Does Google want to become an “identity gatekeeper?” An interesting GigaOM analysis comes to that conclusion. It’s because of Google’s recent behavior and Chairman Eric Schmidt’s insistence that the new Google+ social network require users’ real names. Why? Because real people are more valuable to advertisers—and more useful to search results—than anonymous individuals or spammers.
Google definitely wants to tap into users’ behaviors on Google+ to help improve its search results, but that’s not all that’s going on. As Schmidt said in a recent speech:
If you think about it, the Internet would be better if we had an accurate notion that you were a real person as opposed to a dog, or a fake person, or a spammer or what have you… So if we knew that it was a real person, then we could sort of hold them accountable, we could check them, we could give them things, we could you know bill them, you know we could have credit cards and so forth.

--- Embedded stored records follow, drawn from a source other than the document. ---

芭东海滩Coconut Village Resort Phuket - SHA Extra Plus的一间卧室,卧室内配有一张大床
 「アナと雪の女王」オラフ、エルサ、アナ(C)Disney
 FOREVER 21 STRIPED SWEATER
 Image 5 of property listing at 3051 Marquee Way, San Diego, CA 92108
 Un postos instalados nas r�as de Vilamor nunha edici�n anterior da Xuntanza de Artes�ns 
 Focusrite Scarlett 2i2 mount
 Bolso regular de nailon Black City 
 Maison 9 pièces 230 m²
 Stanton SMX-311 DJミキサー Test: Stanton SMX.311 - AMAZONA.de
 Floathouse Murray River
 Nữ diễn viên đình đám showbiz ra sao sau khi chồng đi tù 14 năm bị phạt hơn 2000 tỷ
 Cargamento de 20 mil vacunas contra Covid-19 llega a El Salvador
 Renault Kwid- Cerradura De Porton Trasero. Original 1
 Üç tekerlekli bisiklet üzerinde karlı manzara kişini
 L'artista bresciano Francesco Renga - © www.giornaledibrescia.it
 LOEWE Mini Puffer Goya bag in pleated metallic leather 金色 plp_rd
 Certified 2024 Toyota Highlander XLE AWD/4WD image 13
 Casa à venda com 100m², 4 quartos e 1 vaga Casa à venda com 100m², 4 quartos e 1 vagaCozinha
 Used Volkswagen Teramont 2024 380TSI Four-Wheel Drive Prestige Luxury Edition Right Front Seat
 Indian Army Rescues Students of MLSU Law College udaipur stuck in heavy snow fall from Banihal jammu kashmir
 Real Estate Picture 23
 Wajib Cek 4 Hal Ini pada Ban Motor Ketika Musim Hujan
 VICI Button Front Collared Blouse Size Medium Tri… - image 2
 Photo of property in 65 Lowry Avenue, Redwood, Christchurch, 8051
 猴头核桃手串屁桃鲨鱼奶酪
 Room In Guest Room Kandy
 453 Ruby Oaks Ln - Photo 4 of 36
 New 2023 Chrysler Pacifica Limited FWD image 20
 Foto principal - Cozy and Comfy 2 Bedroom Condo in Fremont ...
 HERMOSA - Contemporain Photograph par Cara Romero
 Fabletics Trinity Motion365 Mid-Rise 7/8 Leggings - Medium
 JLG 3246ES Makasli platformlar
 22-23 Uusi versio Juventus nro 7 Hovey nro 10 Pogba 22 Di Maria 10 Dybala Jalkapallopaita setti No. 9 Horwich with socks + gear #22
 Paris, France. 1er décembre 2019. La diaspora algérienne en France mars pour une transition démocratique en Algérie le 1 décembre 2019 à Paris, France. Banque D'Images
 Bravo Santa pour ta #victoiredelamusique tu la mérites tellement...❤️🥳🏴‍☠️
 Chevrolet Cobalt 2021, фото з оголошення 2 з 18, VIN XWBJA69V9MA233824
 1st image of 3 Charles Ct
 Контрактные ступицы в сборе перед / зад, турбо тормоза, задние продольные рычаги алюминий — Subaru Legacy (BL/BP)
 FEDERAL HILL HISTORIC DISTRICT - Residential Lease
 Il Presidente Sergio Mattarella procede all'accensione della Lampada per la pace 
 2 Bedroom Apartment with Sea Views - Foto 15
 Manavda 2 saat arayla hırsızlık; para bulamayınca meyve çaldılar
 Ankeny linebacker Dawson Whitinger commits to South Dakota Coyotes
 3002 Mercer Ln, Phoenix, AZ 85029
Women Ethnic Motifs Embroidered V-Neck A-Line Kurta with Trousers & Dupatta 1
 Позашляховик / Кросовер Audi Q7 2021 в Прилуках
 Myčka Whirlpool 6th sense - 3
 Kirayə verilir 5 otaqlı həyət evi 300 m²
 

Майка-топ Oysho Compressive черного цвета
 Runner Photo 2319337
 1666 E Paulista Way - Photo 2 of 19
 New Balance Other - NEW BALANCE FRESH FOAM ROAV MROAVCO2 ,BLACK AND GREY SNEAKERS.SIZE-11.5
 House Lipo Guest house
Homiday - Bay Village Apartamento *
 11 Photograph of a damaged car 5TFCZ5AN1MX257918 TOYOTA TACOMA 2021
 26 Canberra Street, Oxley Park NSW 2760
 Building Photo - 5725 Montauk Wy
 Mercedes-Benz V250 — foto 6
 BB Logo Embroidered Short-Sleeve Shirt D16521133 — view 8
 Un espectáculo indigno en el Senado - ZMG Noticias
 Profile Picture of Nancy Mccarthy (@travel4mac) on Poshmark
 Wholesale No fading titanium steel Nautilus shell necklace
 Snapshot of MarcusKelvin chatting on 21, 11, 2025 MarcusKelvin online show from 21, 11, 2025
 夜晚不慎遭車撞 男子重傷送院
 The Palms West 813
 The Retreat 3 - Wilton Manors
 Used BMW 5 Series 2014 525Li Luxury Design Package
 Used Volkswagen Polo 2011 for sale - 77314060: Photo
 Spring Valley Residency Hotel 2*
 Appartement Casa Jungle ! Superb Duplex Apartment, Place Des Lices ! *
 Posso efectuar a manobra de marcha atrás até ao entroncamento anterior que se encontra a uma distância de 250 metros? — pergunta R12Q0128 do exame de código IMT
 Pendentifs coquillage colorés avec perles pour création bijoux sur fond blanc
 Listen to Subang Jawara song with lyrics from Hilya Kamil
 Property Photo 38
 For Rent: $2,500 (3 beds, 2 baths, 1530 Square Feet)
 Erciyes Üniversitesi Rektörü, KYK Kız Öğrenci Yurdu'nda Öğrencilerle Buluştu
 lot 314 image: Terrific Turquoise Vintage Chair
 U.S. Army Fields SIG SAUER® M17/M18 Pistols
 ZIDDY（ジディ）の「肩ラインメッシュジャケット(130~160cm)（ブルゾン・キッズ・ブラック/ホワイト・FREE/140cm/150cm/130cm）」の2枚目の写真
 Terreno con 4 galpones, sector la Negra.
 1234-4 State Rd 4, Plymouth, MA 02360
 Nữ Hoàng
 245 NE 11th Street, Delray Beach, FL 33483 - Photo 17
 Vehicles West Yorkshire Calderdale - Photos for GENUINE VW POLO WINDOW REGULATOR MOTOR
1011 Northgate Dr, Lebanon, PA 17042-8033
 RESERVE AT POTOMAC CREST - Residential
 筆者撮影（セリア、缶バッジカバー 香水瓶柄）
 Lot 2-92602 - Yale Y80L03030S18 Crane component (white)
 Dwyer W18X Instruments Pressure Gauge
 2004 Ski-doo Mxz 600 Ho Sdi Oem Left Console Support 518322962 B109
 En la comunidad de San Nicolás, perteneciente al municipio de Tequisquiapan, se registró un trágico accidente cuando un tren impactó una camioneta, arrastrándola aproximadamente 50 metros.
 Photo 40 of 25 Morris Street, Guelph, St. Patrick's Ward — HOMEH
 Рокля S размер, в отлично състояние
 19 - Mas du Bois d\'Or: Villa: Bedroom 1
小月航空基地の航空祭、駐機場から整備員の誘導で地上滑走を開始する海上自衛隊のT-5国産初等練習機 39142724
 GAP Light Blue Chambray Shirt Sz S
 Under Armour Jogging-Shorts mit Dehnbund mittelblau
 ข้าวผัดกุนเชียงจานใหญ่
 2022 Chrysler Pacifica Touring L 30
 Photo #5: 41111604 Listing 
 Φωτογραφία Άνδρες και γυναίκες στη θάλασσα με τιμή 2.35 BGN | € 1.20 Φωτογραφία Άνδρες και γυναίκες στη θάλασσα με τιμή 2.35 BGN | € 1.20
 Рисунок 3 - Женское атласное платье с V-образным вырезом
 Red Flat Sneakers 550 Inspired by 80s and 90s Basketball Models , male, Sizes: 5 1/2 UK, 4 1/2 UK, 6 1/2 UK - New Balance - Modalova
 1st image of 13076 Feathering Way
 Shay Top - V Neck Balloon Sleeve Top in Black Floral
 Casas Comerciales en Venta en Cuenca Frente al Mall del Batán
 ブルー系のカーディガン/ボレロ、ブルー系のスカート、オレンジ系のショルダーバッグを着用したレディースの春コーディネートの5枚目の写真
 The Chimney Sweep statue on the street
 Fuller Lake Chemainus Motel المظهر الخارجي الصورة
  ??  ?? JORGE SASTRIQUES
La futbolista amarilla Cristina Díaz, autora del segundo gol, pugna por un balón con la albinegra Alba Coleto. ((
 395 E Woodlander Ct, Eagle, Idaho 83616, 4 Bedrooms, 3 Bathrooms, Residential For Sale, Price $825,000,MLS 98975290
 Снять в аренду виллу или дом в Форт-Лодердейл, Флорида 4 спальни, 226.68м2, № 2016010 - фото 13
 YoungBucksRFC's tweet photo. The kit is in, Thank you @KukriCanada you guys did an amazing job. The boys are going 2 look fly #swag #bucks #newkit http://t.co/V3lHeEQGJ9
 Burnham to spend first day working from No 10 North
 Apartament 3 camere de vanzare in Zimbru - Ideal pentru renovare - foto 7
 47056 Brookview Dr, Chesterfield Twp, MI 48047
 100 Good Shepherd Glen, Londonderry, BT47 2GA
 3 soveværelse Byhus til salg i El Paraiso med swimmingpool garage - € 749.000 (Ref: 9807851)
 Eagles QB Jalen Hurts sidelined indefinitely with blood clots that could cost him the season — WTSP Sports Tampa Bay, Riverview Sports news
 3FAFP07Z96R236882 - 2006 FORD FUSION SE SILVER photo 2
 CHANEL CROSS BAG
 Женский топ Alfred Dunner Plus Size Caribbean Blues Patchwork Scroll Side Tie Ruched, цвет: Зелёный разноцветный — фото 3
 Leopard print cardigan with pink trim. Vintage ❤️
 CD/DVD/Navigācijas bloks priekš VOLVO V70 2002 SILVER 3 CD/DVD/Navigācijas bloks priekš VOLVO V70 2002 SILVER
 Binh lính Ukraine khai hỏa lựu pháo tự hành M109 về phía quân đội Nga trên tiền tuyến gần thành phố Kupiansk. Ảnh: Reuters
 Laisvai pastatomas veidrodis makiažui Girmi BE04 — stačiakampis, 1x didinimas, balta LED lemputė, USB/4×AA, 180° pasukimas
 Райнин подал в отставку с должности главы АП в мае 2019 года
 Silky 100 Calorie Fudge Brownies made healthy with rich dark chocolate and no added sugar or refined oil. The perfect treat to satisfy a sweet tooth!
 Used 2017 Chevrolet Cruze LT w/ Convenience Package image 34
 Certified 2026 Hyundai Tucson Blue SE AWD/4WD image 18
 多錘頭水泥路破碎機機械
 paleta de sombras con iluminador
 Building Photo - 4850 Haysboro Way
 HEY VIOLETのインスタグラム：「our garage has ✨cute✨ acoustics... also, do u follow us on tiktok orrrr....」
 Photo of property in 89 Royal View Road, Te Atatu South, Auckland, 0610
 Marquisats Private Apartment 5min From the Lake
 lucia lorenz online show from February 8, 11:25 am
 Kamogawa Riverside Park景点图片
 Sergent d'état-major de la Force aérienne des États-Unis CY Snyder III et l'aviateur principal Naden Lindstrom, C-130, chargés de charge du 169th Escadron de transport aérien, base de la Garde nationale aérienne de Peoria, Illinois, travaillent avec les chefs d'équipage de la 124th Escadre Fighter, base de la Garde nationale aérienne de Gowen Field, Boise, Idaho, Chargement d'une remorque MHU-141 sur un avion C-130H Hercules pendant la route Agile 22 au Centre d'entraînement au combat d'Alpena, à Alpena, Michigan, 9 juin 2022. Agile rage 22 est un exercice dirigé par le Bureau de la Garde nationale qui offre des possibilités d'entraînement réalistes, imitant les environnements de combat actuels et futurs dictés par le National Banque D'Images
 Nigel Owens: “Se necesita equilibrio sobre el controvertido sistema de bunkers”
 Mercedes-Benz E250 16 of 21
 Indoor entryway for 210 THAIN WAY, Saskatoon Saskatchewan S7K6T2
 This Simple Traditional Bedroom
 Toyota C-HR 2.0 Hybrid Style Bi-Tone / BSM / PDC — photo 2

People with real identities, including their age and gender, location and other demographic details in their accounts, would, of course, be far more valuable to advertisers. As GigaOM concludes:
What kind of services is Schmidt referring to when he says that Google is looking at Google+ as an identity platform that could support other services? Dave Winer thinks that the company wants to effectively become a bank — something he also suspects that Apple and Amazon are interested in as well — and that’s definitely a possibility. Apple and Google both seem interested in NFC technology (near-field communication), which turns mobile devices into electronic wallets, and having a social network tied to an individual user’s identity would come in handy. Ross Dawson says Google wants to build a “reputation engine” using Google+ as a platform.